The foundation, a longtime benefactor of the BSO, will match any new gift of $5,000 or more. In addition, contributors in the $2,500-$4,999 group who double their donation in the present fiscal year will also have their gifts matched.

According to the Baltimore Sun, BSO officials have said this may be the first unrestricted challenge grant in the orchestra's 91-year history. The orchestra will have until the end of the 2007-08 season to match the Meyerhoff donation.

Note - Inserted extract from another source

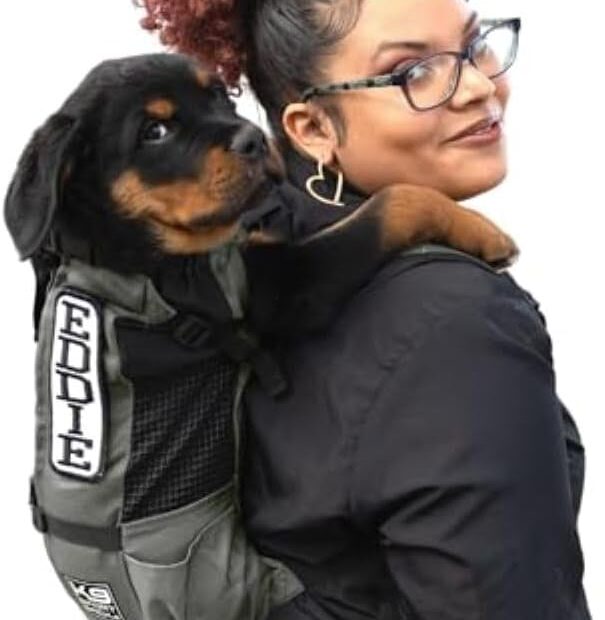 K9 Sport Sack Trainer Review: The Perfect Backpack for Your Small Dog Adventures!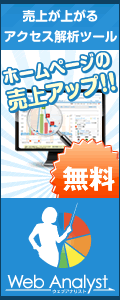 �����A�N�Z�X��̓c�[���uWeb Analyst�i�E�F�u�A�i���X�g�j�v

Marin Alsop will become the first woman to lead a top-tier American orchestra when she officially begins her tenure as music director of the BSO at the beginning of the 2007-08 season. Terry Meyerhoff Rubenstein, executive vice president of the Family Charitable Funds, said, "As a family we recognize that with the arrival of Marin Alsop and a new leadership team in place, the BSO is writing its own success story and is now poised to push the artistic limits like no other time its history."

The grant is good news for the BSO, which has had a tumultuous few years on administrative and budgetary fronts. Alsop's appointment in 2005 was met with hostility from the musicians. In January this year, James Glicker, the orchestra's CEO since mid 2004, stepped down. He was temporarily replaced by interim president W. Gar Richlin and succeeded, in September, by Paul Meecham as BSO president and CEO. In June, board chairman Philip English stepped down after a three-year term and was replaced by Michael Bronfein.

In March, the orchestra cashed in part of its endowment after years of budget problems left a deficit of almost $16 million. According to the Sun, the BSO's board of directors put aside $27.5 million of a $90 million endowment to eliminate the debt and fiscally support the current season.